▶ [Dataset records]:
- - -

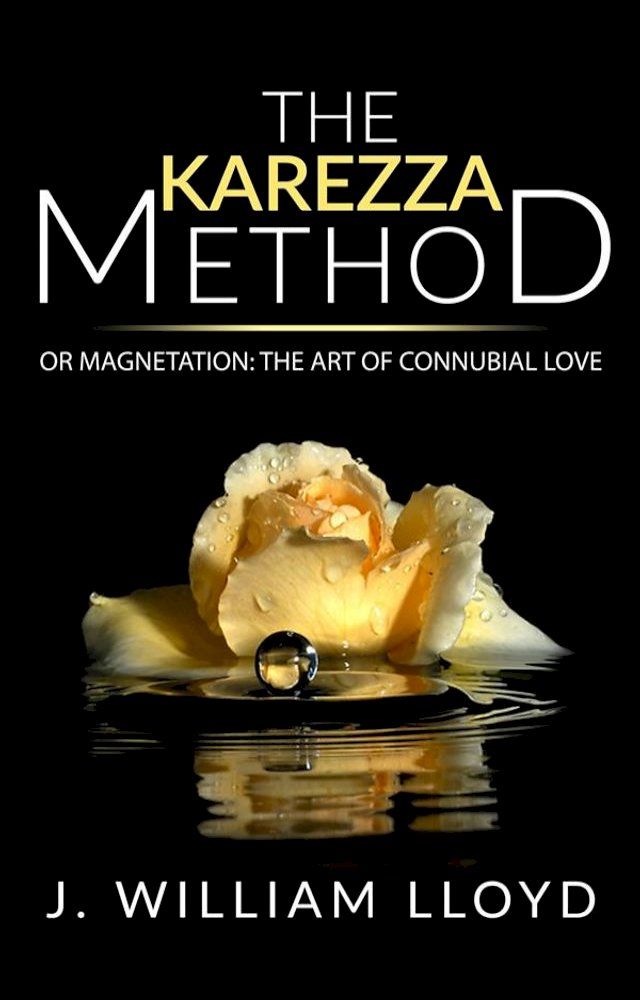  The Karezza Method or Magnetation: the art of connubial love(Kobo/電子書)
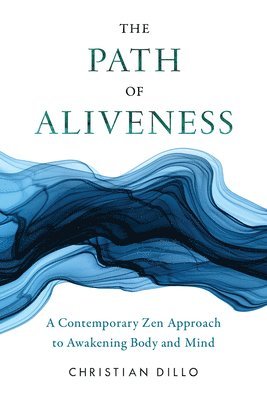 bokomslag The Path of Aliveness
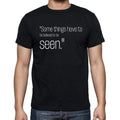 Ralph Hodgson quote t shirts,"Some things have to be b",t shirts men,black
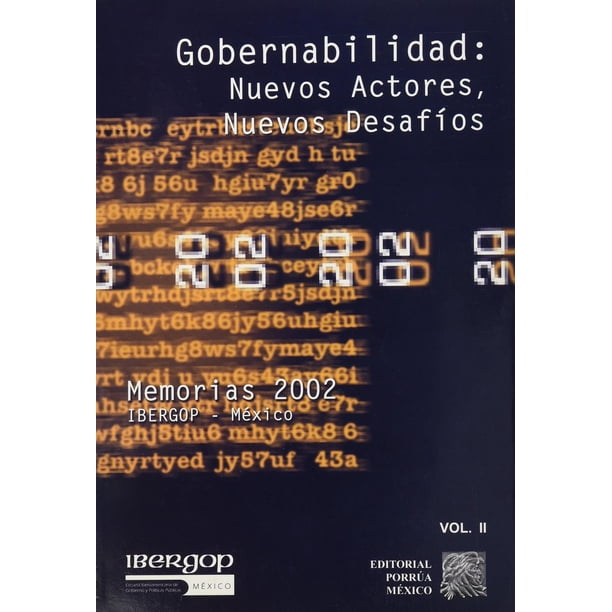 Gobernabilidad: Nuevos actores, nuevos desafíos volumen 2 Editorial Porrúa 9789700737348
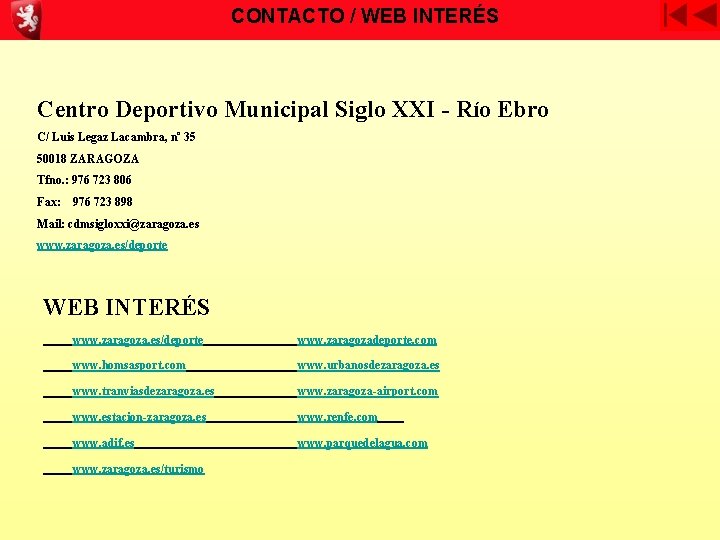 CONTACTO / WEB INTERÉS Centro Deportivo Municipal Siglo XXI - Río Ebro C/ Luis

- - -

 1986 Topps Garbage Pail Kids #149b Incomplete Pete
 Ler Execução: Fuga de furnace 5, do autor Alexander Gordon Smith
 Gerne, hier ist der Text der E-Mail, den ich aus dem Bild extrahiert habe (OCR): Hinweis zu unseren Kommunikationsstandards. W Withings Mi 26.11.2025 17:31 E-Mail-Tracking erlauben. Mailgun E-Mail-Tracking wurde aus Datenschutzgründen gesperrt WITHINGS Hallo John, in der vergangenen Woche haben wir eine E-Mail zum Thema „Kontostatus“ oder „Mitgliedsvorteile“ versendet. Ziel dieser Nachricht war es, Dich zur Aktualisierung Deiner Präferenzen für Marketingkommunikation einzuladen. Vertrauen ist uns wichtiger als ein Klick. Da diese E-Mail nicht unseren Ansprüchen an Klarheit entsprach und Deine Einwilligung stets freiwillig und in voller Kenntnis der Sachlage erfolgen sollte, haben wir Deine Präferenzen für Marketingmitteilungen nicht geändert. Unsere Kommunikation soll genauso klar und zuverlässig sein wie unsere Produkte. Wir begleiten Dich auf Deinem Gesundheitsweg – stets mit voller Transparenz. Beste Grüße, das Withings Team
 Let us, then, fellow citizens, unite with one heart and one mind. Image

- - -

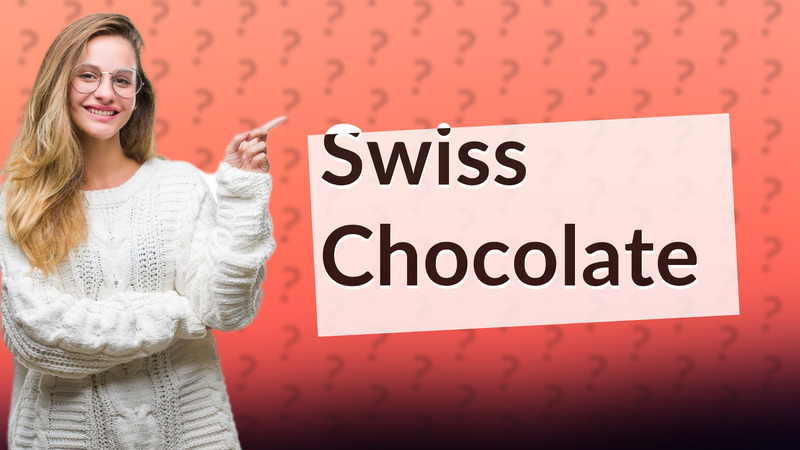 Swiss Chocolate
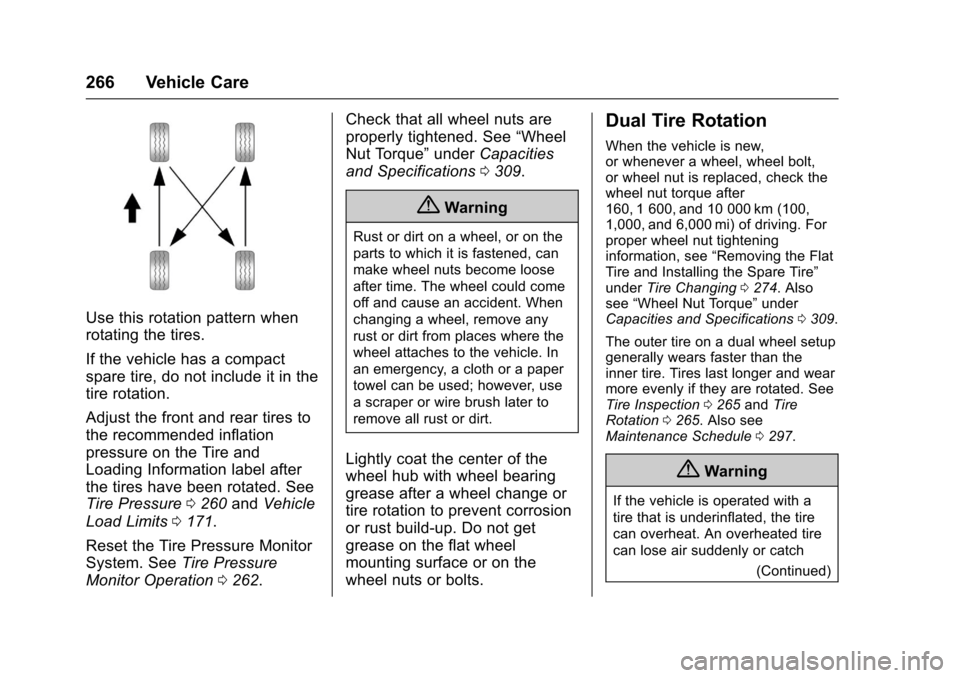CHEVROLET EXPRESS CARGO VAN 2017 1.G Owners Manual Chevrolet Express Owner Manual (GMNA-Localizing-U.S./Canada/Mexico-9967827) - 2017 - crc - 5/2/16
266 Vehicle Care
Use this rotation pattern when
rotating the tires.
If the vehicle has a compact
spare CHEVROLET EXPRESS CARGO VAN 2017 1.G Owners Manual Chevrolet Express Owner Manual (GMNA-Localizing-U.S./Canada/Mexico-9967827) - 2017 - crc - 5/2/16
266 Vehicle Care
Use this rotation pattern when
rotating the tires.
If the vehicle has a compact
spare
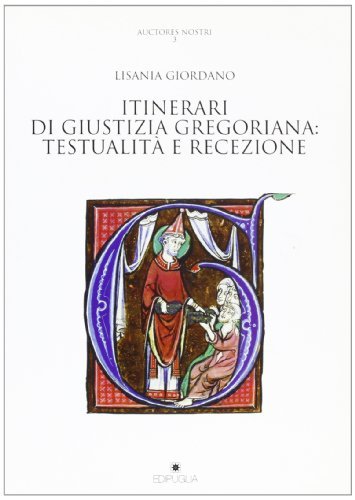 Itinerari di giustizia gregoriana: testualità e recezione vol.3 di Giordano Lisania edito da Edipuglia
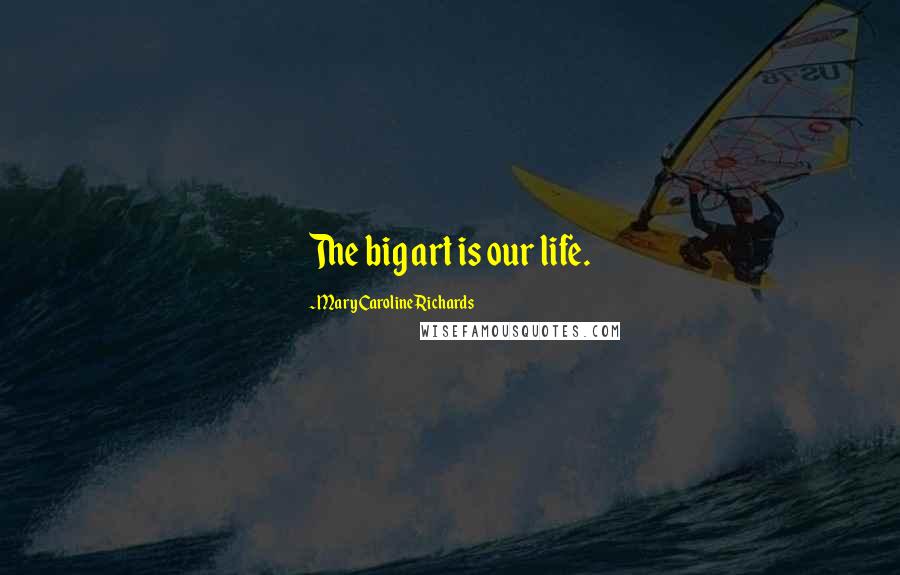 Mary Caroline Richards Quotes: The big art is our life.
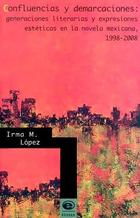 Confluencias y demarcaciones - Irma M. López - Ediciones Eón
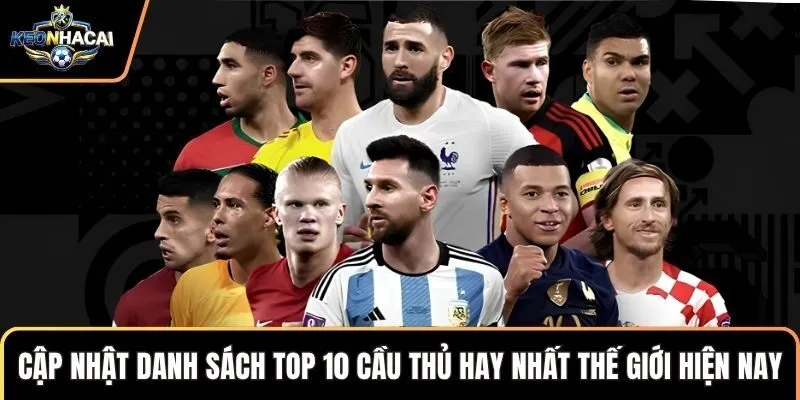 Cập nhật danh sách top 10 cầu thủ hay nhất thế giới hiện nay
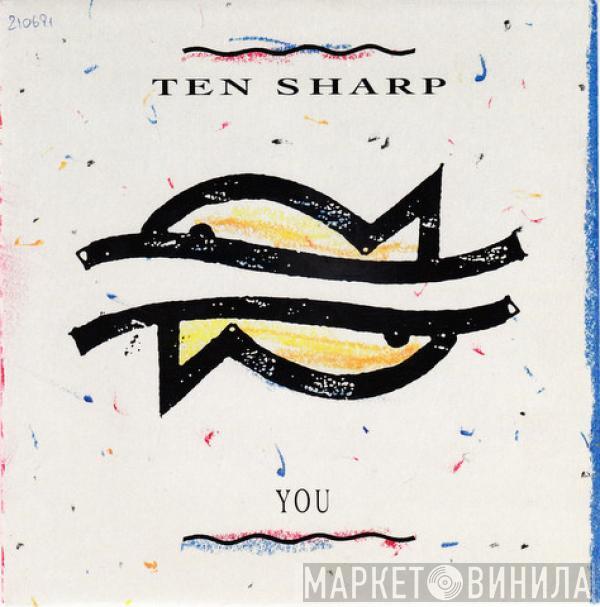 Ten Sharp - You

- - -

▶ [Work order]: What are the lines in the records above, word for word, from the one containing "The Karezza Method" through the one containing "Gobernabilidad: Nuevos actores, nuevos", both ends included and pictures left out?

▶ [Written response]:
  The Karezza Method or Magnetation: the art of connubial love(Kobo/電子書)
 bokomslag The Path of Aliveness
 Ralph Hodgson quote t shirts,"Some things have to be b",t shirts men,black
 Gobernabilidad: Nuevos actores, nuevos desafíos volumen 2 Editorial Porrúa 9789700737348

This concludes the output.